We all prefer to follow the news that we like the most. To some extent, this is natural. However, as this interactive tool points out, it’s all too easy to get caught up in an echo chamber reinforcing extreme political views.
This tool, created by the Wall Street Journal, features posts from various news outlets that are classified as “very conservative” or “very liberal.” The WSJ tool does not cull individual posts from each news agency, but its selected media were selected using data from a Facebook study that compared the self-identified political alignment of 10 million Facebook users with the news outlets of their choice. As a result, each channel represents an extreme version of what politically active Facebook users can see. The WSJ points out that this is not intended to represent someone else’s information, but rather just a bird’s eye view of how different political views can get completely different versions of history.

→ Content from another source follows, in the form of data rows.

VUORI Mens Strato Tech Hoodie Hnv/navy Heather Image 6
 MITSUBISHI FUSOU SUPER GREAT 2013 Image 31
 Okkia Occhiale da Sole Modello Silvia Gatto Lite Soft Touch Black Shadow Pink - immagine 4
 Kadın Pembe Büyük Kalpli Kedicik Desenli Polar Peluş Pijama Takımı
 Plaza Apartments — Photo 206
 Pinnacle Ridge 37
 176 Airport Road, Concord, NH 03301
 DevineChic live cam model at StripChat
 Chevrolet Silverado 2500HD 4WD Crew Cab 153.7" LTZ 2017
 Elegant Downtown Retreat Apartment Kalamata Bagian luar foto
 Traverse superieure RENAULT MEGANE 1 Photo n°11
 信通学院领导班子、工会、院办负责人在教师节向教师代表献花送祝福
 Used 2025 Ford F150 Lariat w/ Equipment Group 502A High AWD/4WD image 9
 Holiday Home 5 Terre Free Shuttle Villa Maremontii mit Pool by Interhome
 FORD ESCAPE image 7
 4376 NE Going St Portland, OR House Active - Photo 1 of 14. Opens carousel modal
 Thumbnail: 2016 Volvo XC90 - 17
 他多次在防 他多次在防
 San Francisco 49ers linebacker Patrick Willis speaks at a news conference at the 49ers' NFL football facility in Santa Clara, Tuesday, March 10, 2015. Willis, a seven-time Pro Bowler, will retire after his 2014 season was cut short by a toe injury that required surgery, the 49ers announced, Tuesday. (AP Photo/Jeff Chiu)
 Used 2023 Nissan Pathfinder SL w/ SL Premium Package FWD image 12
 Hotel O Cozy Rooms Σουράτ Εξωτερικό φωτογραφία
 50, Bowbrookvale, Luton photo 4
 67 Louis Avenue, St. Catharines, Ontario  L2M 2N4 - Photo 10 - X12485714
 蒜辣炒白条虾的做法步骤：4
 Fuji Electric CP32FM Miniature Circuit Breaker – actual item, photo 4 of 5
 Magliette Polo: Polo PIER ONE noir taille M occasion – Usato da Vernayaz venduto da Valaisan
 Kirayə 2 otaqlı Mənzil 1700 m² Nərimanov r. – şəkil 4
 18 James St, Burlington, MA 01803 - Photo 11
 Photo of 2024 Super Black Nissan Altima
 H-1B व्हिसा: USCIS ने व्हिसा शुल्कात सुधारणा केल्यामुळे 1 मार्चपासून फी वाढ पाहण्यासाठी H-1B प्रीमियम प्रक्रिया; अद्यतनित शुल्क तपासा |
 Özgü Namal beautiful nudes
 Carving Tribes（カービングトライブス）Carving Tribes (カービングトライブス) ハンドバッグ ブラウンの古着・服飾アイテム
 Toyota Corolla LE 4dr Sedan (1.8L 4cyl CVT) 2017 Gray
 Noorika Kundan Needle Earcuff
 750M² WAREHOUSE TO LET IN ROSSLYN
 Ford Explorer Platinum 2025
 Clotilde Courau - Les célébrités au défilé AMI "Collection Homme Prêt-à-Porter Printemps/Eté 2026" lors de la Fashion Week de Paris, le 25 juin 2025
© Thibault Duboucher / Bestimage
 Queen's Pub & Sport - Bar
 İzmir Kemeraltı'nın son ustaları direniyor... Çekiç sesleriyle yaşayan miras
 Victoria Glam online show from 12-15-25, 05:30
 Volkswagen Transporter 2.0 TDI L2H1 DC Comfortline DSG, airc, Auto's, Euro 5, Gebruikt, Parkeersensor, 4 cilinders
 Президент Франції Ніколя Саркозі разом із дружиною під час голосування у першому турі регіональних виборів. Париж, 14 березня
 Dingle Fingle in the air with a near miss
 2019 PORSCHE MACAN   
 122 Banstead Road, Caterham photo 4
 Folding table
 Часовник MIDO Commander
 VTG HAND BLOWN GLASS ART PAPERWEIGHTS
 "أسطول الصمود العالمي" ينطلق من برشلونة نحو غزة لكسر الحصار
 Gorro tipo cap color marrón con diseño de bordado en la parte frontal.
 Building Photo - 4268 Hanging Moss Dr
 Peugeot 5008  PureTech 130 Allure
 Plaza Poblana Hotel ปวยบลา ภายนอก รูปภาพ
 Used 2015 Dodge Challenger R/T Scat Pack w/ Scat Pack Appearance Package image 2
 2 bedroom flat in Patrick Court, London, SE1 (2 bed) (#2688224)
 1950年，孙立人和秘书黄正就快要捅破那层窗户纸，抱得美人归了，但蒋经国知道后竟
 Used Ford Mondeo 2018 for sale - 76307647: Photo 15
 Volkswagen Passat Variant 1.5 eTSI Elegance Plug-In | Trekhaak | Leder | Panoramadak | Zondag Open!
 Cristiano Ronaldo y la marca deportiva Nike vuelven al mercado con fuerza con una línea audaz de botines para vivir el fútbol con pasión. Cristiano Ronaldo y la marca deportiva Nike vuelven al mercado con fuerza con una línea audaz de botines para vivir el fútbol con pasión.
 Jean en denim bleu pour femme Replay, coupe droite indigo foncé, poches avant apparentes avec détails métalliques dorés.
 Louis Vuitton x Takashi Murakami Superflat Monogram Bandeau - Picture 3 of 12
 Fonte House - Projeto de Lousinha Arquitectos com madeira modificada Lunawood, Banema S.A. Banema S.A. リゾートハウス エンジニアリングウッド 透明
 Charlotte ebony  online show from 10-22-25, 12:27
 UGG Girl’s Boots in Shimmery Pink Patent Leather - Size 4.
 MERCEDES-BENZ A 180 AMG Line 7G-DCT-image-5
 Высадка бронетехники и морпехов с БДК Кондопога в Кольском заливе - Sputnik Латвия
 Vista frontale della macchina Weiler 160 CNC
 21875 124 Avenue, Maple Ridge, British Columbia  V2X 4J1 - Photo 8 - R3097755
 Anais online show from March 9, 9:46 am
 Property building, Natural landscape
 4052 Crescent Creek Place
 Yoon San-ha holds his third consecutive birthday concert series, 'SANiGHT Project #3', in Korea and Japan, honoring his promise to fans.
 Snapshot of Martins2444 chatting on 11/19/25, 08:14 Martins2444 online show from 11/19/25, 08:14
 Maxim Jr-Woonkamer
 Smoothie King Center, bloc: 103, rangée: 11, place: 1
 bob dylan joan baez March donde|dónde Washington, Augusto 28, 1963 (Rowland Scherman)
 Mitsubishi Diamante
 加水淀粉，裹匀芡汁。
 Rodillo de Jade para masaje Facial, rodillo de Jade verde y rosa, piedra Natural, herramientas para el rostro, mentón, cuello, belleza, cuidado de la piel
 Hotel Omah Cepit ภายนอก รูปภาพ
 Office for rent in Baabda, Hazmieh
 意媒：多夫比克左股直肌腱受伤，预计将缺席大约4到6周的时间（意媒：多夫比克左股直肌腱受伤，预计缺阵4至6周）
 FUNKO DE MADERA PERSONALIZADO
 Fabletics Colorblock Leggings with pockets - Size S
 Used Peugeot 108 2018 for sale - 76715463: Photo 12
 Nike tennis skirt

As you read different topics, you will probably notice that even when the channels cover the same topic, they come to completely different conclusions. Many may even get upset about the same thing, but for different reasons. In the most extreme cases, both blame the other side for the problems. Of course, we expect this from a representative form of government, but when you only see it from one side, it’s easier to believe that the other side is the only one who ever does something wrong. The WSJ does not claim that either side is more or less guilty of this accusatory game (and Lifehacker is not to blame for that either), and frankly reducing politics to two “sides” is already rather simplistic. However, this tool offers a useful and frustratingly rare insight into how much alike we really are.